►
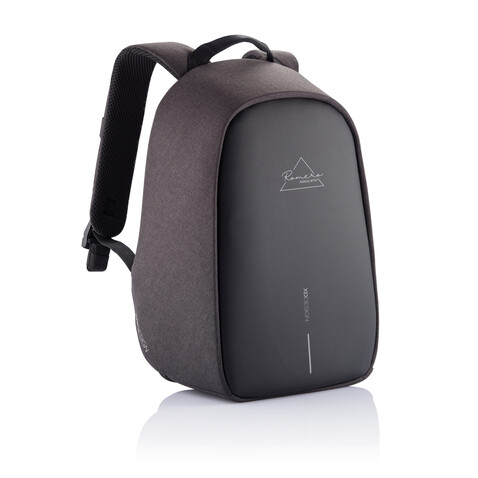 Bobby Hero Small Anti-Diebstahl-Rucksack anthrazit, grau bedrucken, Art.-Nr. P705.701
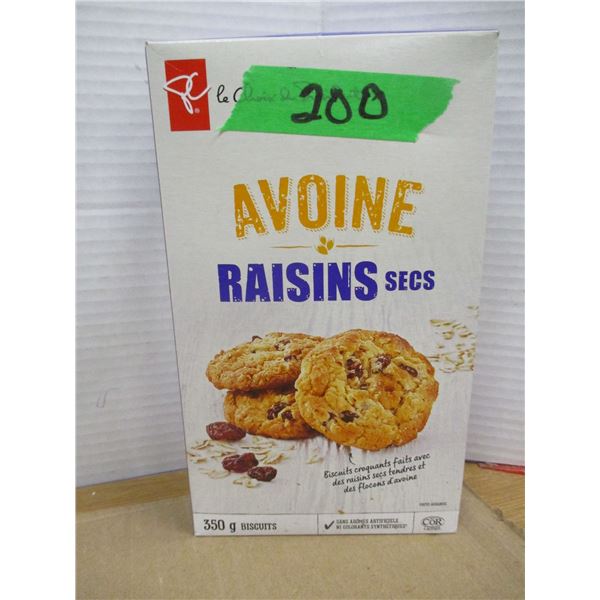 SHELF PULLS (AS IS):  RAISIN OATMEAL COOKIES (350G)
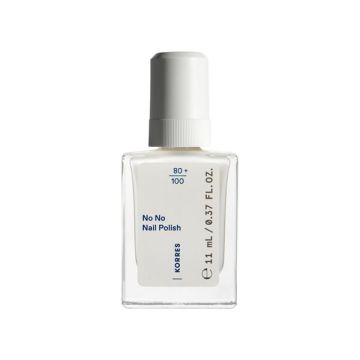 Korres No No Nail Polish Βερνίκι Νυχιών 02 Milky White 11ml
◄
Extract exactly the lines above from the line containing "SHELF PULLS (AS" through the last one, both ends included, but not the pictures.

 SHELF PULLS (AS IS):  RAISIN OATMEAL COOKIES (350G)
 Korres No No Nail Polish Βερνίκι Νυχιών 02 Milky White 11ml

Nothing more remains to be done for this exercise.